Non possiamo sottovalutare il fatto che questa ricerca della verità, questo spirito di non assuefazione, si manifestino proprio sul palcoscenico del San Ferdinando, il teatro che Eduardo aveva restituito alla sua città esattamente settant’anni fa, e che gli era costato anni di fatiche e dolori. “Ripeto, io sono ormai al termine della mia carriera” – citiamo sempre dalla lettera di Eduardo (la cui carriera, per nostra fortuna, non si interruppe nel 1959) –, “sono contento di quello che, sia pure con tanti sacrifici e tante amarezze, ho realizzato, non ho bisogno di niente, anche se la mia situazione economica non è delle più floride (invece di farmi ville e yacht ho voluto ricostruire un celebre teatro distrutto dalla guerra, e per pagare questo “lusso” da molti anni i miei diritti d’autore sono bloccati a favore delle banche), non chiedo niente per me. Parlo perché credo sia dovere parlare, perché l’idea di veder morire il teatro del mio Paese mi è insopportabile”.

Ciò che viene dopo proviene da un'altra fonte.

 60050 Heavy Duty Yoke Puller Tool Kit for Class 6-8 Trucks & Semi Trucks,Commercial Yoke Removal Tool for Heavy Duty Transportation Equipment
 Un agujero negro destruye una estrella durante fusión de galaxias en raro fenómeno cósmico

Tornando a Pinter, nel 2005, due anni dopo la guerra in Iraq, lo scrittore inglese denunciò, senza abbellimenti, i crimini e le menzogne degli Stati Uniti, parlando apertamente delle torture di Abu Ghraib. L’ombra sinistra dei fatti sanguinosi d’inizio millennio si posa così sui tre atti unici scritti negli anni Ottanta, che facevano invece riferimento ad altre torture. Ne Il bicchiere della staffa, dietro la figura di Victor emerge il personaggio storico del cantautore e poeta cileno Victor Jara, torturato e ucciso il 16 settembre 1973, cinque giorni dopo il golpe di Pinochet: in scena, riascoltiamo, infatti, due frammenti delle sue canzoni. Con le immagini delle soldatesse curde (riprese da Matteo Delbò) si chiude invece Il linguaggio della montagna, che, nella sua resa scenica, accoglie le note pinteriane: “A volte ci si dimentica che a torturare spesso ci si annoia. Coloro che torturano hanno bisogno di qualcosa che li faccia ridere per tenere alto lo spirito”. Un’euforia che esplode nel terzo movimento, Party Time, in cui gli attori indossano le maschere dei supereroi americani: un segno che, nella sua letteralità, fa inclinare il gelo dei dialoghi verso una zona più tiepida, portando gli interpreti a perdere, a tratti, quell’equilibrio tanto sapientemente raggiunto nel corpo a corpo con la materia. Una misura che torna nella toccante scena finale in cui, dopo la lettura dell’ultimo frammento del discorso del Nobel, tutti gli attori, spogliati delle ingombranti maschere, recitano, tenendosi per mano, il monologo di Jimmy: Jimmy che era scomparso e non verrà mai più ritrovato, Jimmy che non ha più un corpo perché gliel’hanno tolto, Jimmy fatto fuori dal “club” degli assassini, Jimmy che “aveva un nome” e ora ha solo “il buio in bocca”.